When Advise and Consent becomes Smile and Dissent
Question: If it is the United States Senate's responsibility to advise and consent to presidential judicial nominations, why did the Senate majority leader Tom Daschle not let Senator Patrick Leahy's Senate Judicial Committee vote to bring Judge Charles Pickering Sr.'s nomination to the floor of the Sentate for a vote? Answer: There were enough Democratic votes on the floor of the Senate for the nomination to pass.
If you have ever listened to Senator Daschle or conversed with him he comes across as a warm, quiet, reasonable man -- quite likeable in his way. If one listens only to his television soundbites, everything he says sounds credible. For instance, asked about criticism that he has bottled up judicial appointments, he notes that they have confirmed 40 of 92 Bush nominees.

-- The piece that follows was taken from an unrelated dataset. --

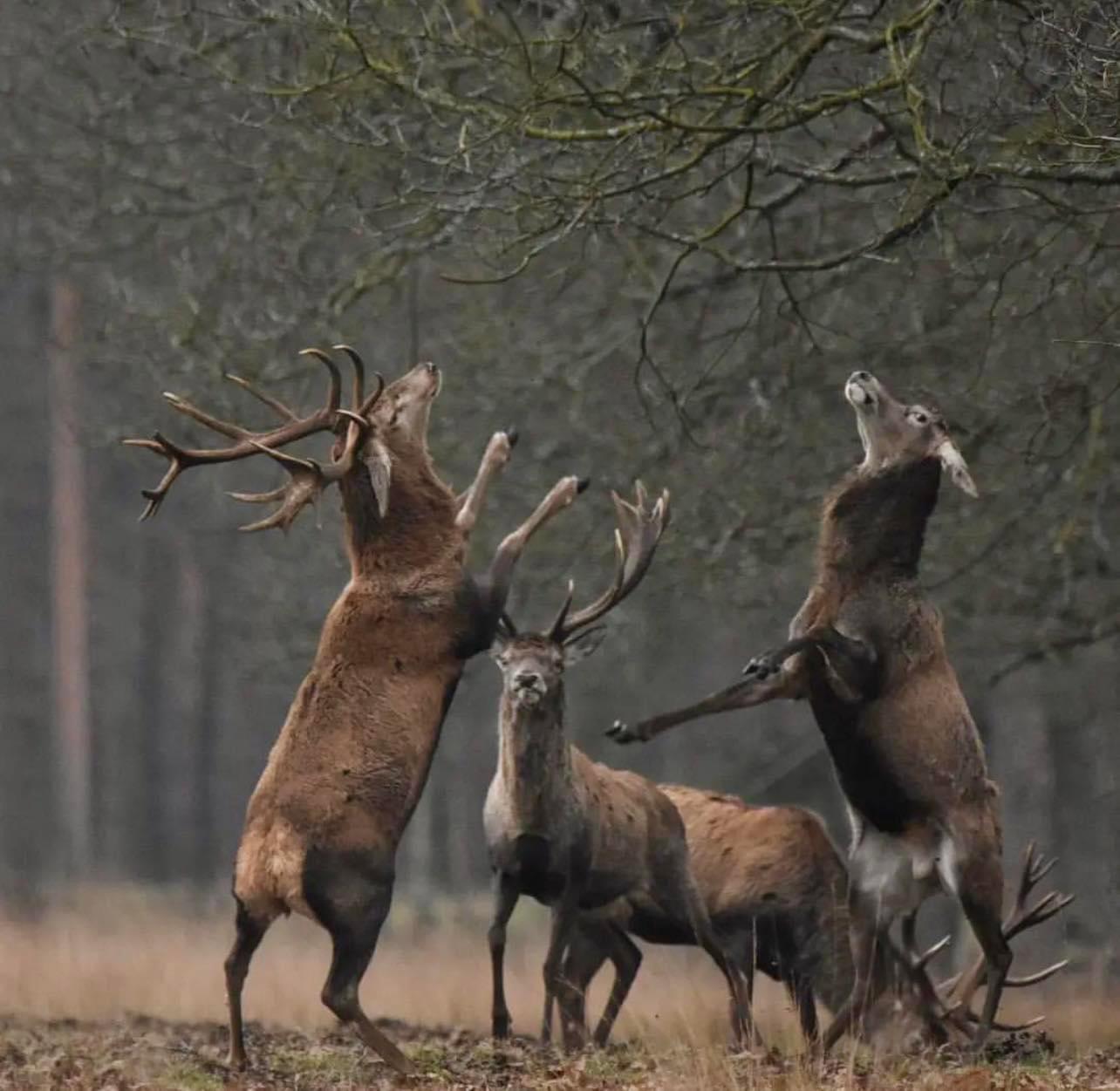 A fantastic photograph of Red stags boxing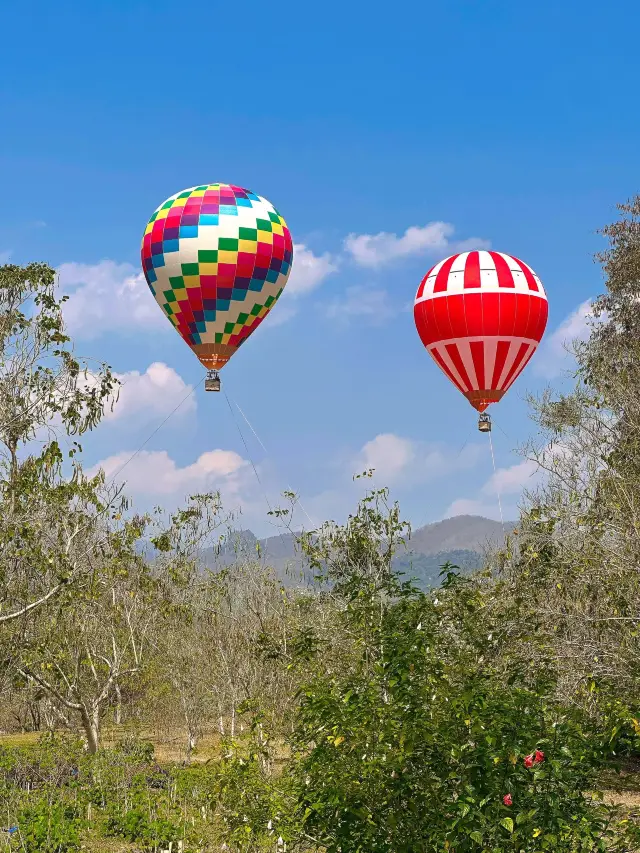 เที่ยวสิบสองปันนา 5 วัน สุดคุ้ม ไม่เสียเที่ยว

But television soundbites don't flesh out the whole truth. He won?t say, as the Wall Street Journal reports, that most confirmed appointments are for lower-level district courts and that just seven of the 29 appeals court nominees have been confirmed. Furthermore, most of the significant nominees are languishing in Senator Daschle's and Senator Leahy's purposefully slow hearing process.
The affable Mr. Daschle plays political hardball. He has to depend upon citizens to let his tactics skate by unnoticed when reported in the brief and superficial coverage of the evening news. He has to depend upon citizens neither noticing nor caring. It is a political strategy that shows a calculated disrespect for citizens. And one that will not go unreported in good newspapers.